Nevertheless, my first thought is to be tactful—truly it is—and approach this diplomatically. But it’s Sofia-Marie I’m dealing with, and I need to serve her a heaping dose of
she’s out of her mind
straightaway.
“Seasonal,” I say frigidly. “How much money will this shop make for you to survive the rest of the year? Bills don’t stop coming in after Labour Day, Sofie. You still have to manage the place and invest in the inventory and
live
for God’s sake! How will you live?”
“We’re still working on the logistics, Caroline. You worry too much,” Sofie says, exasperatingly merry. “Tonight you can help us through all of that humdrum since you know… cramping my style is your forte.”
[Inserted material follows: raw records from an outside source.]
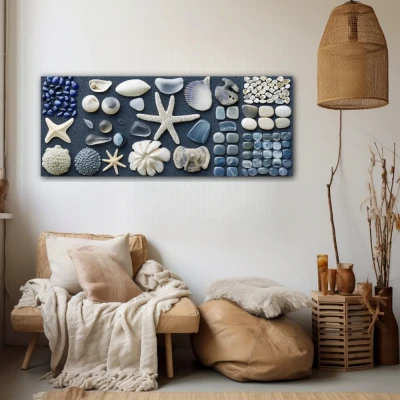 Cuadro tesoros del mar en formato apaisado con colores blanco, gris, azul marino; decorando pared beige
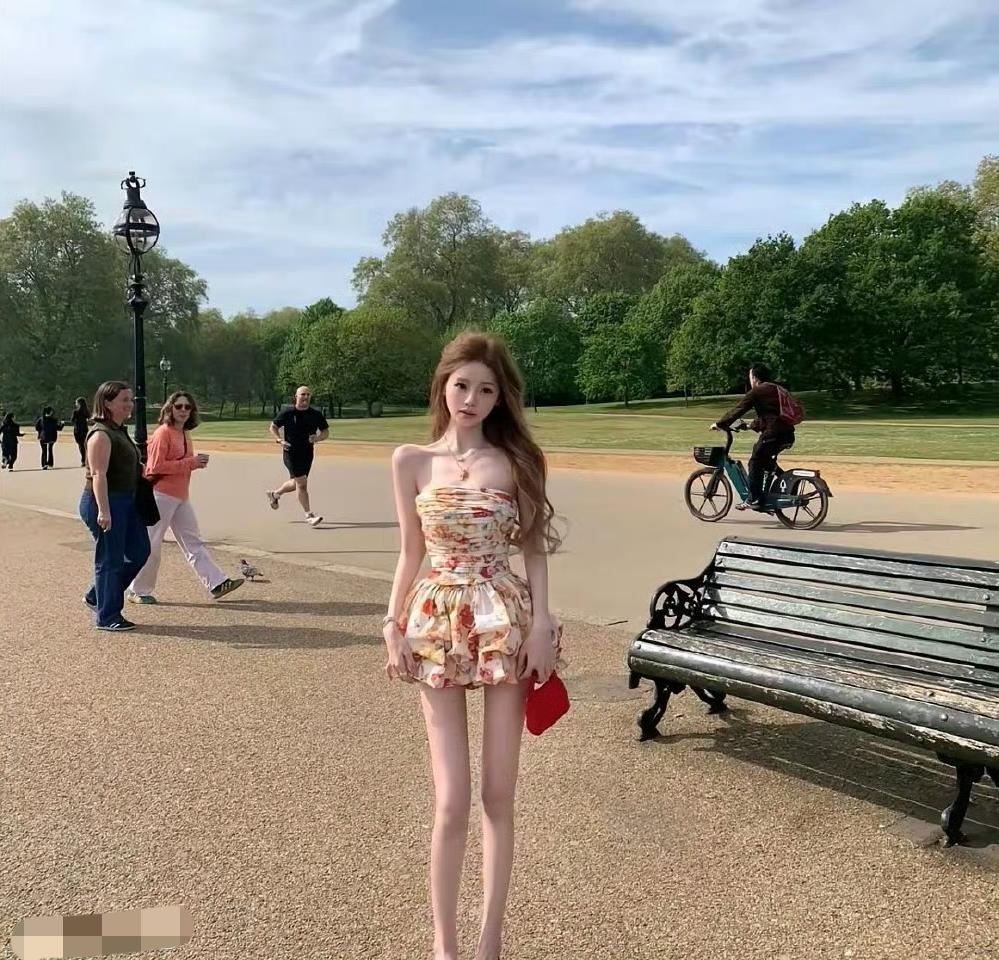 王思聪女友懒懒，长这样，一阵风随时能卷走的样子！[捂脸哭]也不知道是说他眼光差
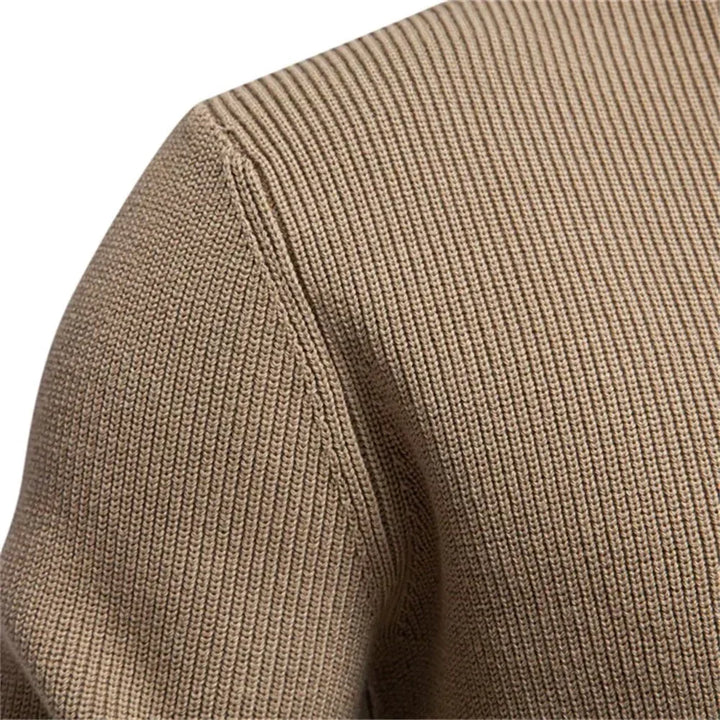 Konrad | Stylischer Herrenpullover mit Knopfdesign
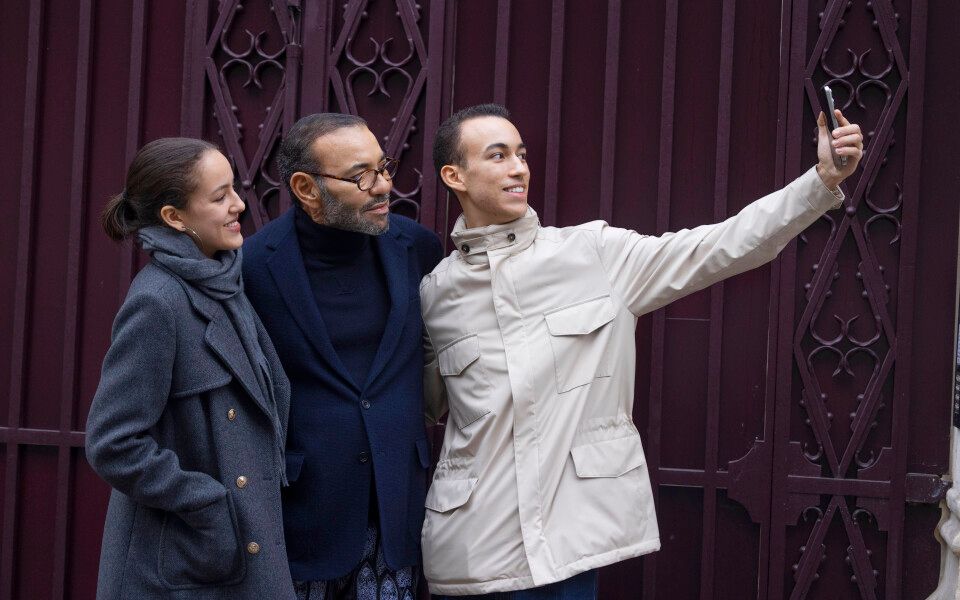 Mohamed VI de paseo con sus dos hijos, Moulay Hassan y Lalla Khadija en París en noviembre de 2024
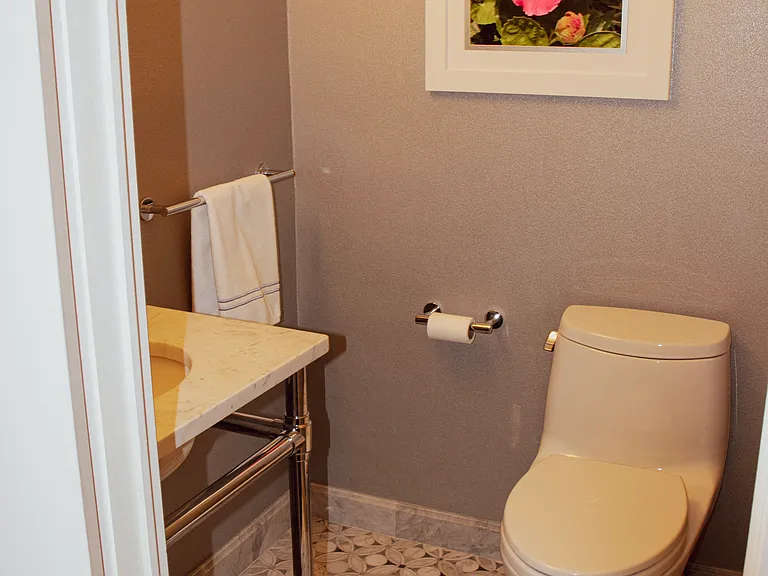 137 E 36th St #10GH — Photo 5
I wince, aftershocks of disbelief and fury ripple through me.
“We can put our thinking caps on and make a real business plan with your help, Caroline,” Jay steps in.
Suddenly, I loathe his entire likability. The whole
nice
thing he’s got going on is
not
convenient when I’m trying to make a point.
“Caroline, I really,
really
care for Sofie,” he says, “and honestly, I’m just up to whatever with her.”
“But you’re practically moving her out here!” I cry.
“I like her here.” He smiles shyly, and I crack.
“Well you can’t have her!”
“Honestly, Care,” Sofie ensues, “it’s just a five-hour drive from home.”
“Yeah, at the cost of my bladder and a police chase.”
“Okay, six hours if nature calls. But I’m not moving away completely.”
“My God, you’re serious. You’re actually jumping into this. You know, she’ll be bored before the open sign goes up,” I fire off, turning to Jason.
“Hey, I always finish what I start,” Sofie fumes.
“And then it’s over like that,” I say, snapping my fingers. “Without a single look back, either. And that goes for you, too, Jay-the-Contractor.” I overrun his name like a petulant child smearing lipstick across a mirror. “You better start interviewing other Canadian girls, if that’s what you’re into, because this one’s got an expiration date for everything and everyone in her life! Did Sofie ever tell you about Nick?” Instantly, a cleft cracks my heart as I abridge my words and comportment.
“Stop acting like a bitch, Care. And, yes, I did actually tell him about Nick.” Sofie’s face doesn’t change, and it’s a sub-zero, deadpan glare.
Finally, my heart has had enough, and it splits open. It has swallowed the sounds of the town because I don’t hear anything but my unprotected heartbeat. I feel vulnerable, exposed, and absolutely defenceless.
“When were you going to tell me?” I hiss.
“It’s not like I had a definite plan. Jay and I really got to talking last night in bed, and it was something we toyed with the last time I was in town. Being here just brought it up again.”
“Just like that?”
Sofie exhales noisily. “Yeah,” she answers. “Just like that.”
This news has spoiled the most breathtaking hour in York. The sun sets as high tide rolls in, pushing residents and faithful visitors away, up past the sharp, slippery bluffs. My silence gives away the fact that I’m not composed enough to be pleasant yet, so I look across the street and stare out at the glowing junction where the sea meets sky.
“Don’t follow me,” I say, stomping away to get a closer glimpse of Long Beach.
“Caroline!” I hear Sofie scream.
“Caroline!” Jason tries, but I speed up to reach the shore even if my body feels like it’s suddenly packed with lead.